**** DATA FOR THE TASK ****
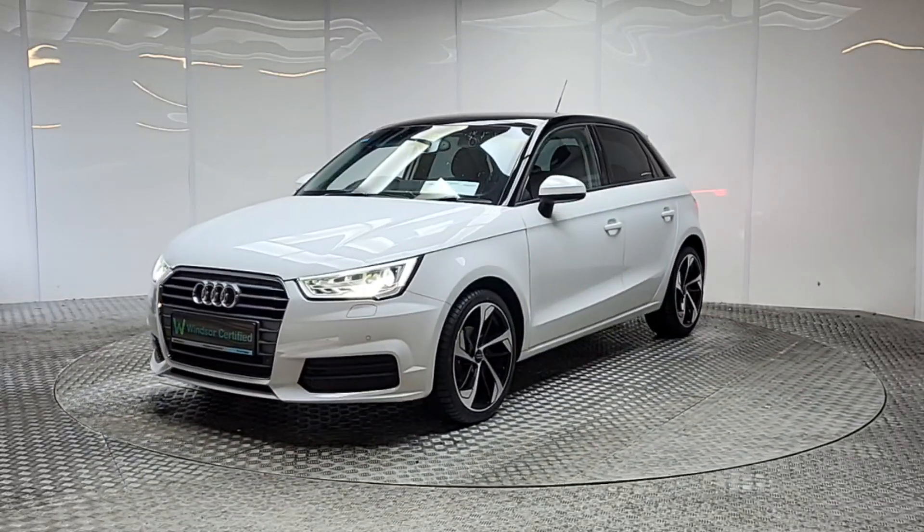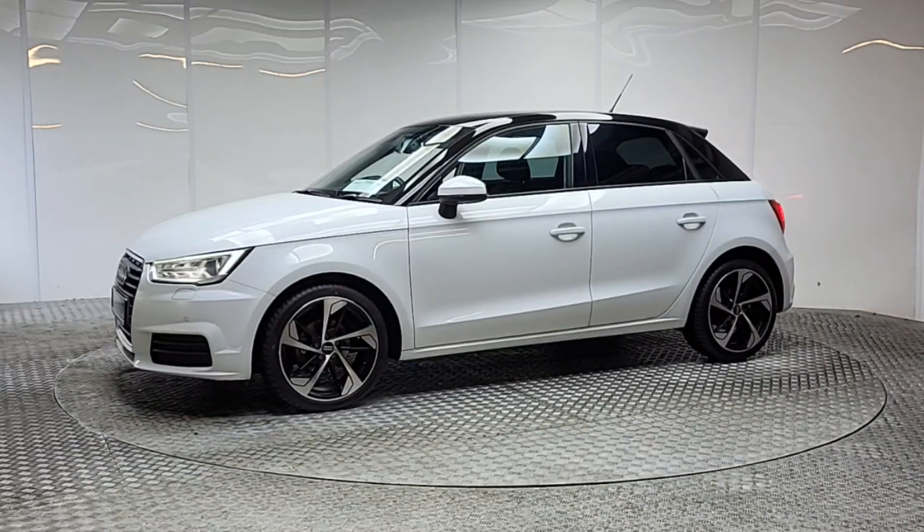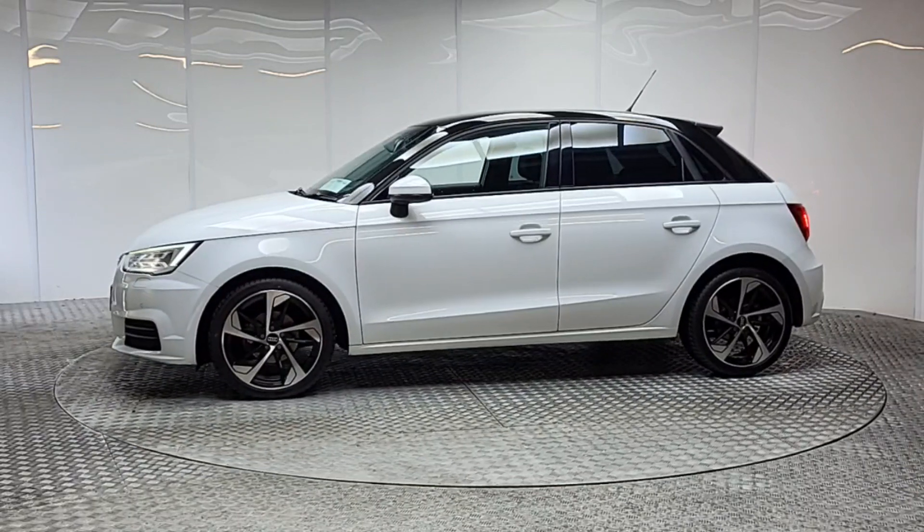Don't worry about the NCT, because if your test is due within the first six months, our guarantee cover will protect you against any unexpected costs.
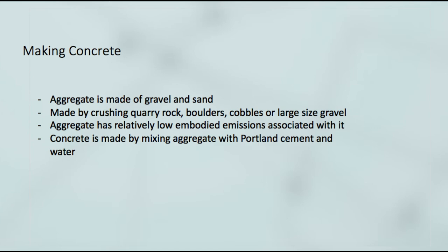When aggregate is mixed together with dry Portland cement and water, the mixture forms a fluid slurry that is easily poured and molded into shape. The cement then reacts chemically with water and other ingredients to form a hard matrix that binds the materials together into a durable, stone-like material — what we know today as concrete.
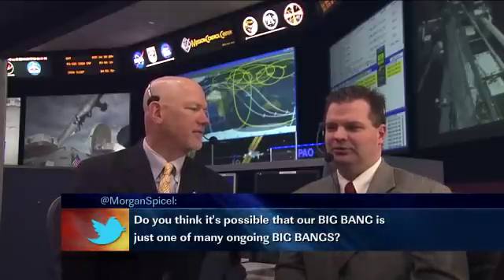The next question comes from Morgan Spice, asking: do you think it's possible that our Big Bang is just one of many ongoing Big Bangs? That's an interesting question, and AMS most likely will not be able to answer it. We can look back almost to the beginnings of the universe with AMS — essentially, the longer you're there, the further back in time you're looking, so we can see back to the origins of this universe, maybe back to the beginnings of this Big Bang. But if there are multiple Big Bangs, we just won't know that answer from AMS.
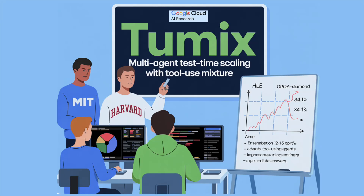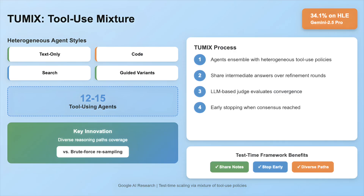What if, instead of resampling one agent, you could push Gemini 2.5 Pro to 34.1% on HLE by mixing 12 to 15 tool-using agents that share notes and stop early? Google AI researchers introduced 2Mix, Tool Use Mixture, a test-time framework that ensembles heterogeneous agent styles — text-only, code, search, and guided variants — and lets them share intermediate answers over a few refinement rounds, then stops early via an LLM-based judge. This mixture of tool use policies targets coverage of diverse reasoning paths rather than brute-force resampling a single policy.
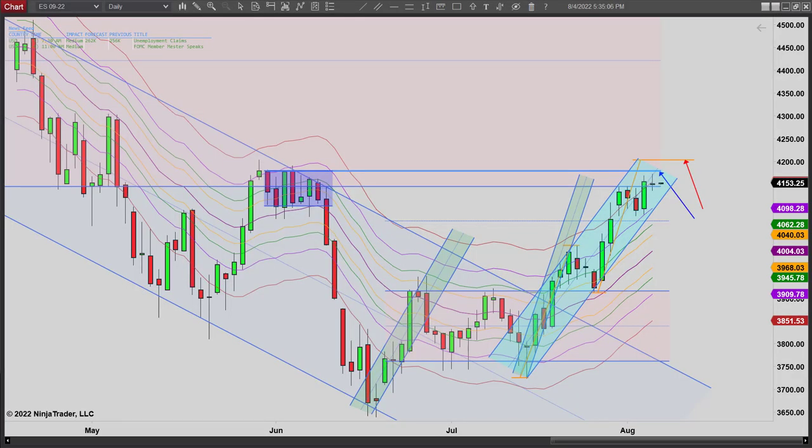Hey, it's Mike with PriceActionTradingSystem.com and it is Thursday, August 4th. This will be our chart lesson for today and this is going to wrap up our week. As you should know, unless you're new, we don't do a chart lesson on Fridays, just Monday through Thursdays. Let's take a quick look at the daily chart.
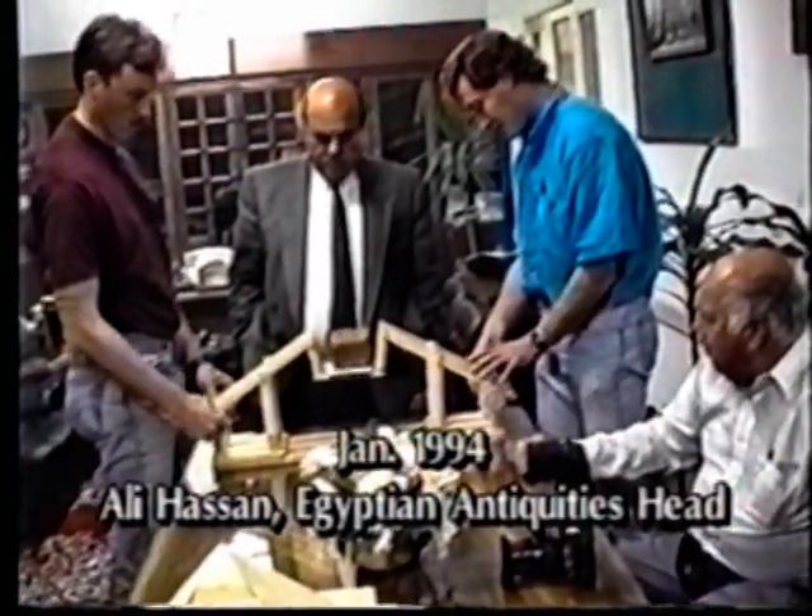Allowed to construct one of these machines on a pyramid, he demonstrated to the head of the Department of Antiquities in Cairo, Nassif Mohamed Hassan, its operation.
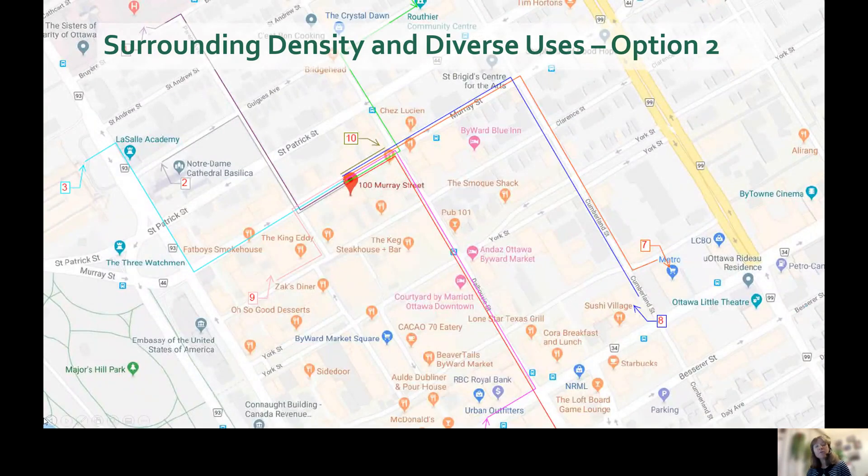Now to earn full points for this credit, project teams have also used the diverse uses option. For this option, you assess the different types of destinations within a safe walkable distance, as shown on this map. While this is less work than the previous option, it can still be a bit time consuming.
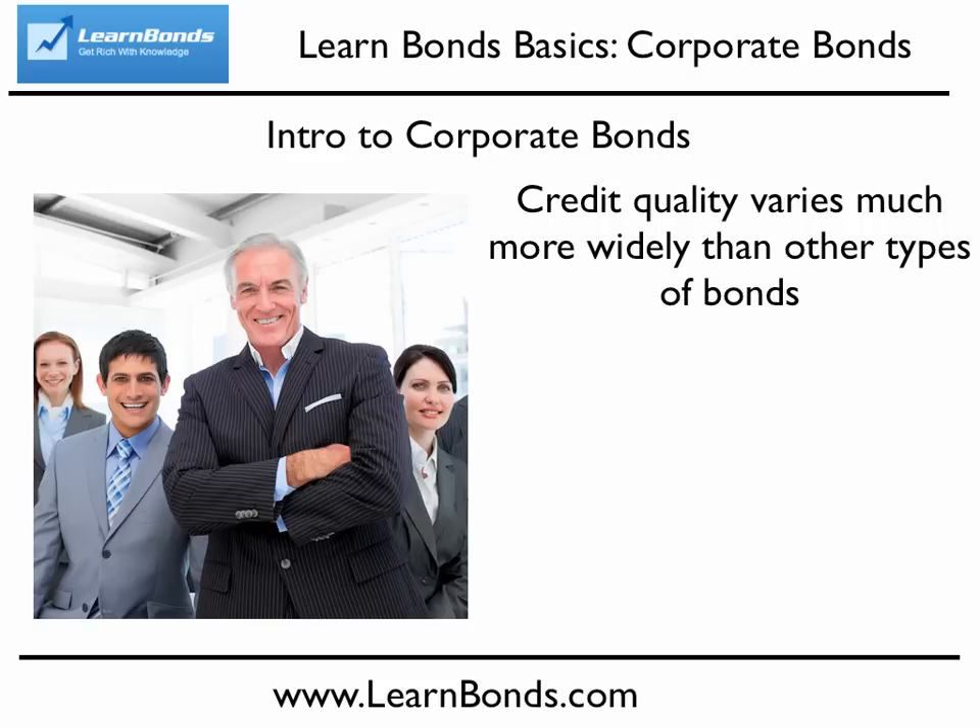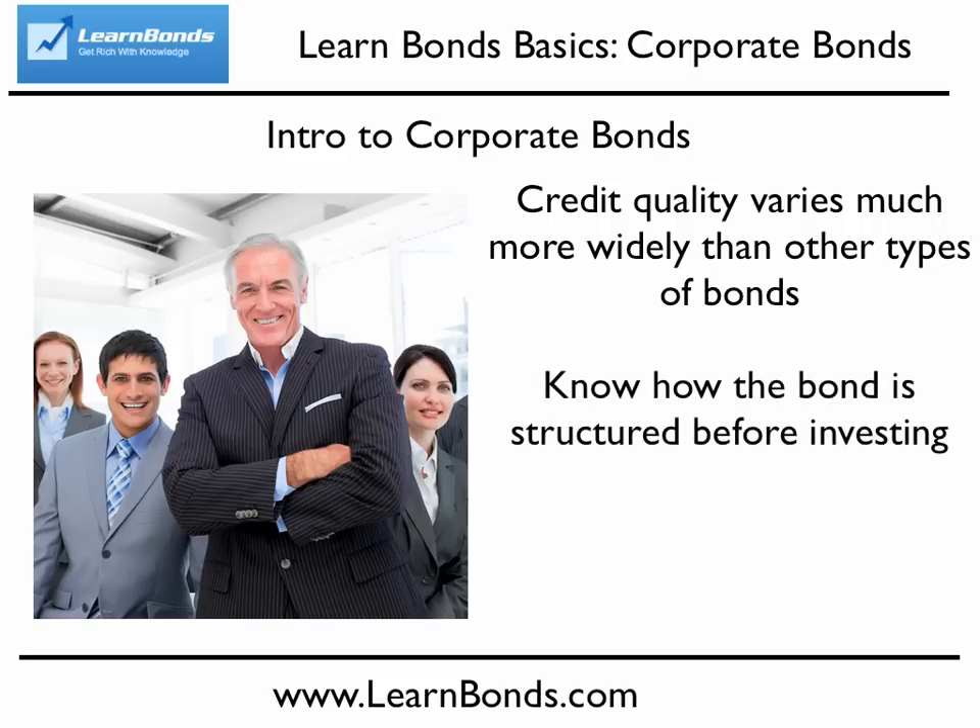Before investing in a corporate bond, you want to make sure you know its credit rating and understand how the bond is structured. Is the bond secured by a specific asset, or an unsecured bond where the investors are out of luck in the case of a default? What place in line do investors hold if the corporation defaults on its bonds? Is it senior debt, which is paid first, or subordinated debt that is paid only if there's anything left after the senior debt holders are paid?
****
# ASSIGNMENT
Given the records above, return the lines starting at the one that holds "Allowed to construct" and ending at the one that holds "Now to earn", exactly, and nothing besides; leave every picture out.

# SOLUTION FOR THIS PROBLEM
Allowed to construct one of these machines on a pyramid, he demonstrated to the head of the Department of Antiquities in Cairo, Nassif Mohamed Hassan, its operation.
Now to earn full points for this credit, project teams have also used the diverse uses option. For this option, you assess the different types of destinations within a safe walkable distance, as shown on this map. While this is less work than the previous option, it can still be a bit time consuming.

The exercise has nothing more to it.